Peterson v. Meritain Health, Inc.

Decision Date20 April 2022
Docket NumberS-21-0123
Citation2022 WY 54
PartiesJANET G. PETERSON, Appellant (Plaintiff), v. MERITAIN HEALTH, INC. Appellee (Defendant).
CourtWyoming Supreme Court

Appeal from the District Court of Natrona County The Honorable Catherine E. Wilking, Judge

Representing Appellant:

Stephen R. Winship, Winship & Winship, P.C., Casper Wyoming. Argument by Mr. Winship.

Representing Appellee:

Timothy M. Stubson and Holly L. Tysse, Crowley Fleck, PLLP, Casper, Wyoming; Daniel A. Platt and Robert J. Catalano, Loeb & Loeb LLP, Los Angeles, California. Argument by Mr. Platt.

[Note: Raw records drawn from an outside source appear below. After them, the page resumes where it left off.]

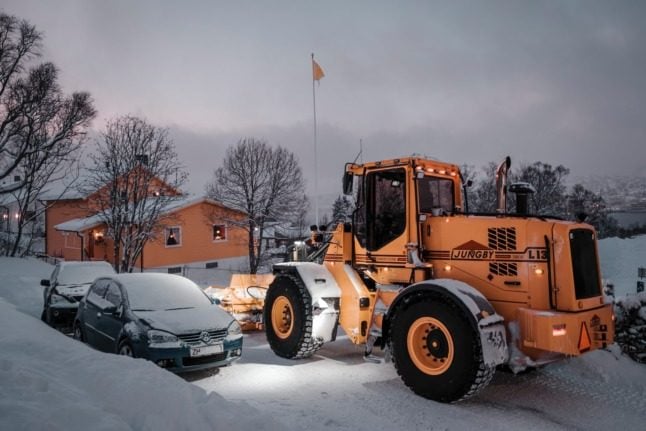 Authorities in Norway have encouraged motorists to switch to winter tyres. Pictured is a snowplow clearing the road. 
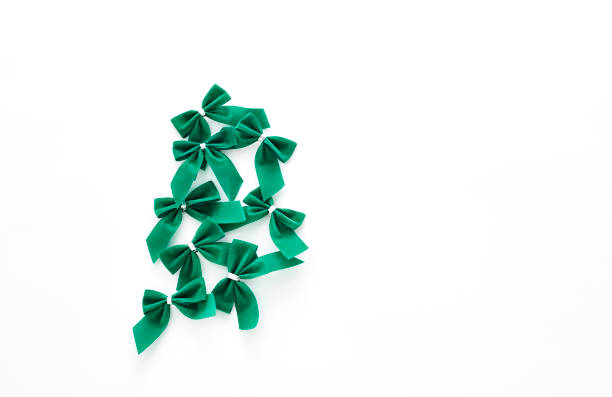 istock St Patricks Day  green bows over a white background 936355244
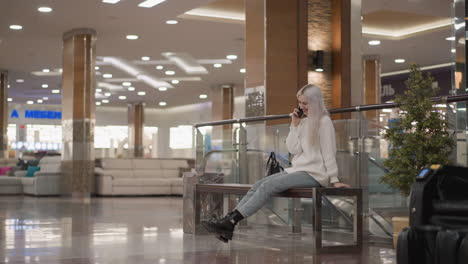 graceful mall visitor seated on bench giggling into smartphone call, playfully lifting leg while wearing knit sweater, denim and chunky black boots against backdrop of glossy tiled floor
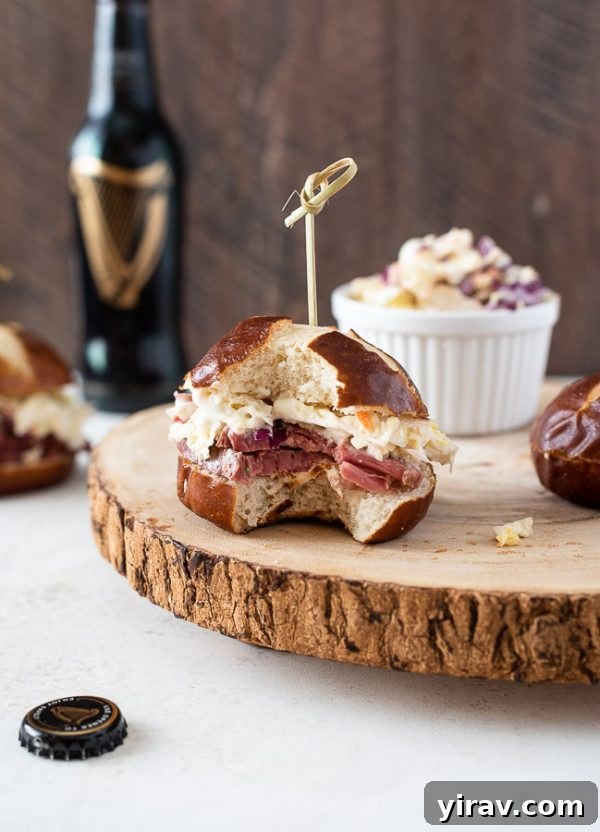 Deli-Style Corned Beef Bites 3 Guinness corned beef sliders on serving platter with a bite out of front slider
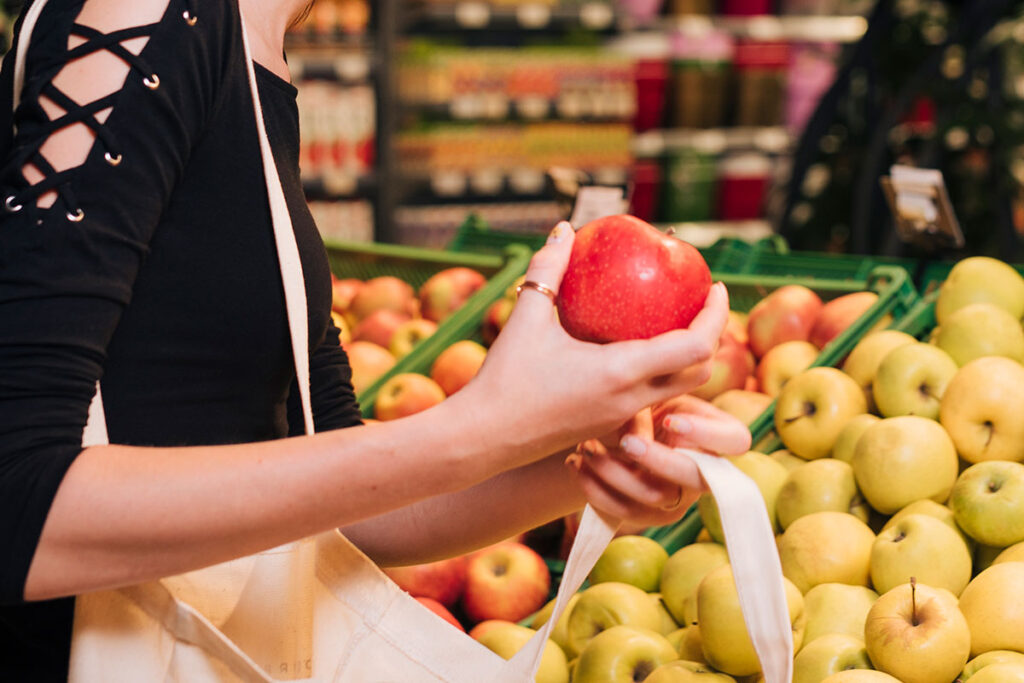 Woman in grocery store shopping for apples.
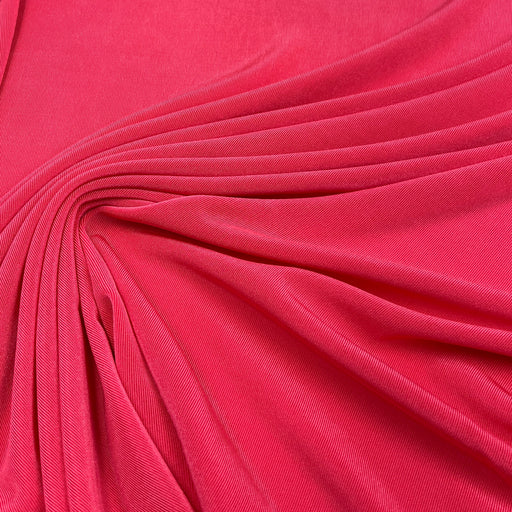 A close-up of bright pink fabric with soft folds and a smooth texture filling the frame.
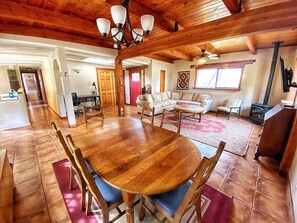 A spacious living area with a wooden dining table, sofas, and a fireplace. - Charming 3 bedroom Ranch in scenic McElmo Canyon (Cortez)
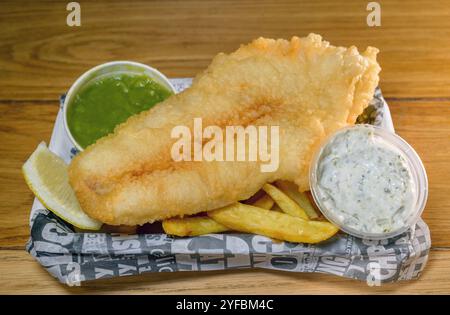 Traditionelle Fish and Chips, die in Zeitungen verpackt sind, bilden einen Chips-Shop Stockfoto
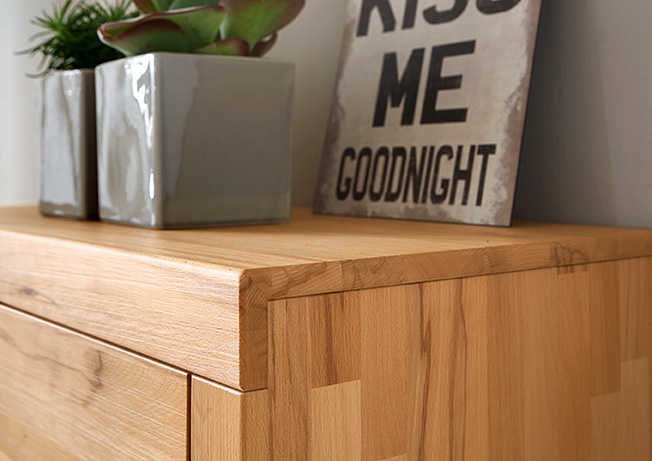 Detailansicht einer Holzkommode mit zwei Pflanzentöpfen und einem 'Kiss Me Goodnight' Schild.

Before FOX, C.J., and DAVIS[*], KAUTZ, and GRAY, JJ., and RUMPKE[†], D.J.

GRAY JUSTICE

[¶1] After his claims for health insurance coverage were denied, David Peterson, [1] an insured under Memorial Hospital of Converse County's (Hospital) Health Benefit Plan (Plan), brought this action against the Hospital[2] and Meritain Health, Inc. (Meritain), the third-party administrator of the Plan. He sought to recover under theories of breach of the Plan contract, breach of the Administrative Services Agreement (ASA) between the Hospital and Meritain, and breach of the covenant of good faith and fair dealing. After Mr. Peterson filed a third amended complaint, Meritain moved for summary judgment on all claims.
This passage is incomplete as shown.